C Compiler Intro

Introduction

This will be an adventure to document. I wrote the C compiler over the course of a couple of months in 2024. It was a fast-paced situation, and I wasn’t thinking about documenting my work. I do, however, have a tendency to comment my personal code quite a lot. It’s a force of habit.

So now I will try to piece things together, but be forewarned that there were a lot of things that I had to figure out that I wrote down on paper. With a pencil! And those pieces of paper are lost. And I probably forgot some of it too.

This will be the first post of several as I try to piece together the 3600 lines of code that comprise the compiler for my C(ish) language. Wish me luck.

The Parts of a Compiler

Maybe this section should be title the parts of the Cish compiler. Not all compilers are the same. Maybe if you follow the dragon book, but Cish does not. In any case, here are the two main steps of the compiling process:

Showing code going into compiler to assembly which is in turn assembled into machine code

This is where some pedantry may enter the conversation because you’ll note that compilation is actually just one step in the “compiler”. This is a fairly common way to describe things though. Most people mean “compile and assemble” when they use the word “compiler”. However, these are often two distinct programs, even in many common real C compilers.

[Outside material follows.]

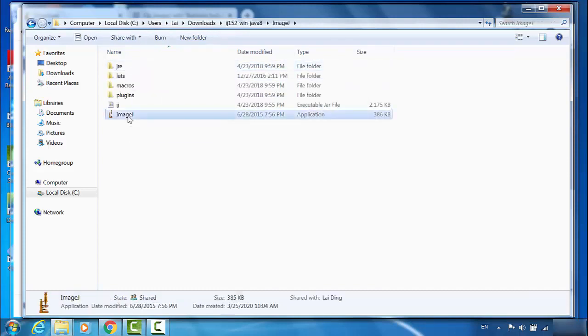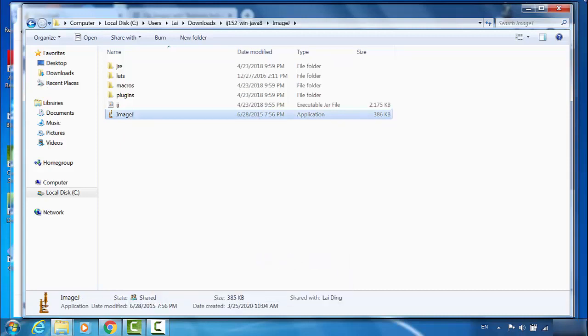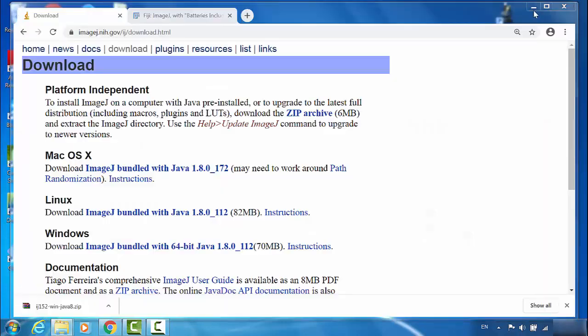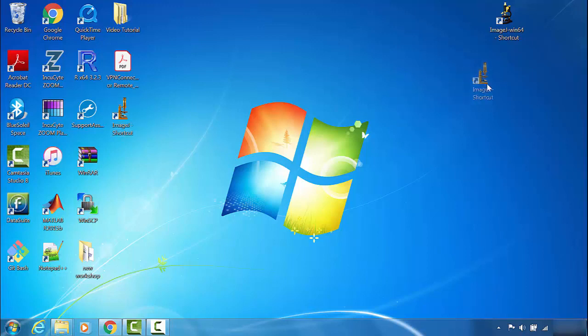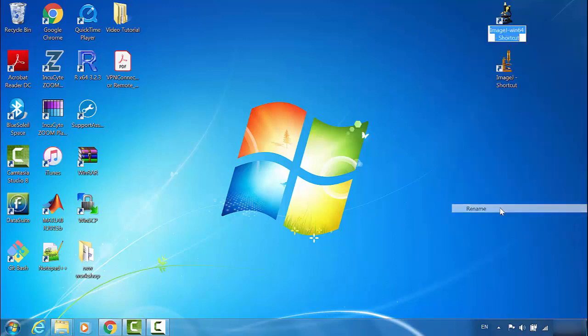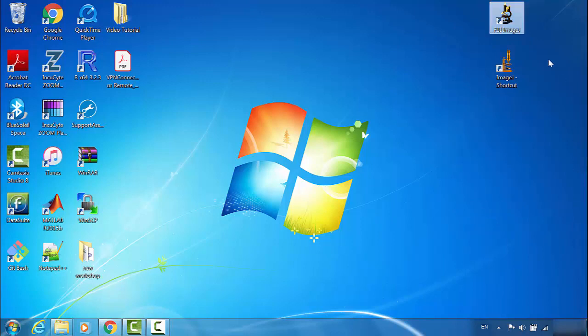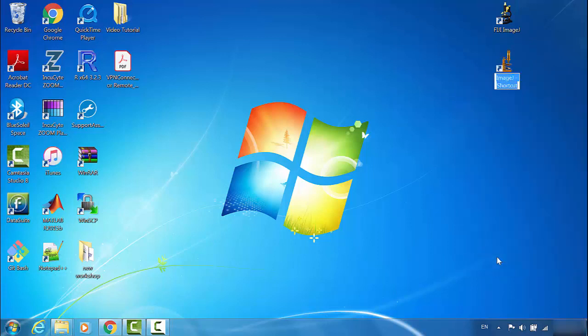Same as before, I'll send this one to desktop. Now you can see this logo is the NIH ImageJ and it compares to the Fiji ImageJ. Just to be clear, I will rename this one to Fiji ImageJ and this one to NIH ImageJ.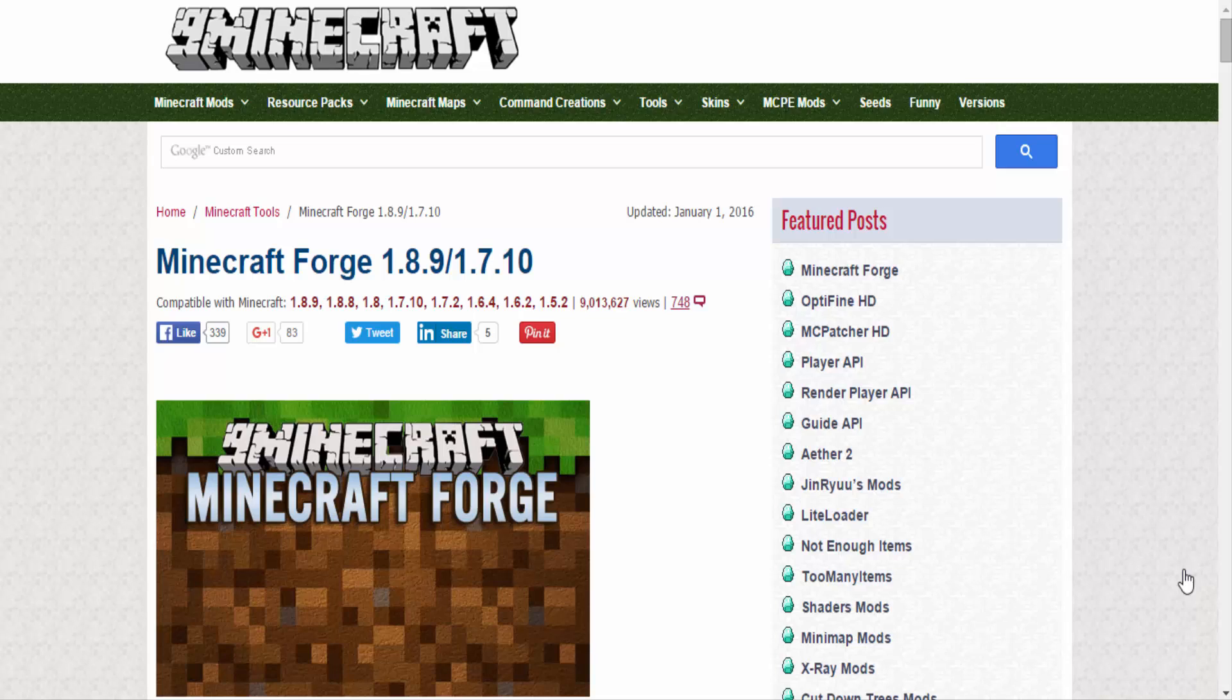What's up guys, ParanormalYout here and today I'm going to be showing you guys how to get Minecraft Forge for 1.8.9.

At the end of the day we need to produce a sequence of opcodes that the machine that will execute our program can understand. The set of opcodes a computer can understand is called its Instruction Set Architecture, and the Theoputer is no different. The Theoputer ISA is the only thing the Theoputer understands. It doesn’t understand C, Typescript, or English.

But it would be laborious to have to write out all of the opcodes by hand all the time. Yes you could do that. Early computers even required that. But that soon becomes not just laborious, but almost completely unmanageable.

The next-best thing to writing out opcodes is writing their shorthand versions, which are closer to a familiar language to humans. You can even see these shorthand versions in the current Theoputer ISA (column 5).

Converting from those shorthand versions to the opcodes is very straightforward, and that is the job of the assembler. You can read a lot more about the Theoputer Assembler in the dedicated post.

But once again eventually it becomes too burdensome to write out all of the assembly and manage the control flow between it. Well that’s not entirely true. There are some wizards out there who code in assembly exclusively. Especially for parts of systems that need to be heavily optimized. But it’s very uncommon and for almost all cases it is completely overkill.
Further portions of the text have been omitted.